Why I used to build websites.

A few reasons I used to enjoy working with the web over 10 years ago.

Be aware this is a draft post — please adjust your expectations accordingly. Get in touch if this post could use an improvement.

Of course, I still build websites. Let me explain the title a bit.

Websites have morphed into applications over time. Not something I am entirely happy about, but I suppose the web was always going to head in that direction after Web 2.0. Everyone would want to be the owner of a platform. I would go so far as to say there’s a certain kind of power trip or an ego boost from yelling at offline people, “Hey! I run a community.”

I digress.

Here’s what gave me a kick when I started out — as a hobbyist over 10 years ago. I don’t think much of it holds true today.

Instant feedback.

Write HTML.
Ctrl+S for save.
Alt+Tab for switching to the browser.
Ctrl+R for reload.

It was all that simple. Three steps.

Narrow scope.

Since web applications weren’t a thing, you could complete projects fairly quickly and it wouldn’t be so hard to maintain even for a single person. The biggest parts of your job were creativity, designing, and fighting browsers. At least on the frontend side of things.

The landscape today, to put it plainly, is fucked.

Participation in a global network.

Honestly, a big, big one. Grab some HTML, CSS, and JavaScript files, put them on a hard disk that someone is renting to you (this was a very tangible process), and everyone around the globe could enter a few letters to reach something you made.
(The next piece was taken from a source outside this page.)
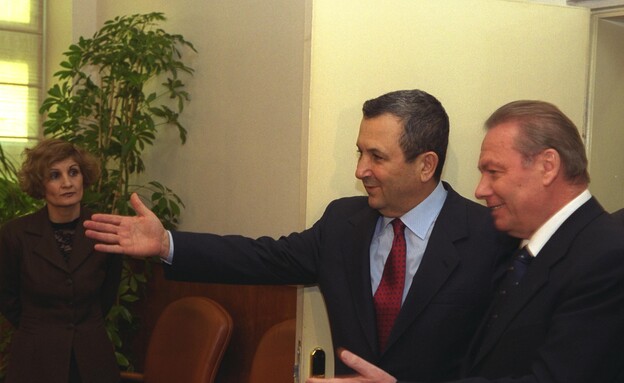עדנה חלבני עם אהוד ברק ונשיא סלובקיה, 2000 (צילום: אבי אוחיון, לע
Everyone!

I suppose the novelty has worn off a little with time and abstractions.

Predictable deadlines.

Thanks to narrow scopes, predicting how long a project would take wasn’t a wild, wild, wild, wild guess. Along with of course, many teams having similar stacks and pipelines.

Now? Everything is a language to a language. HTML is abstracted. CSS is abstracted. JS is abstracted. The number of technologies that can be used to build for the web, essentially, has shot up.


Inclusivity was perhaps an accident. You were writing and building for everyone because of the server-client architecture at the time. Computation was done server-side, right? You never assumed all of your audience had powerful computing devices.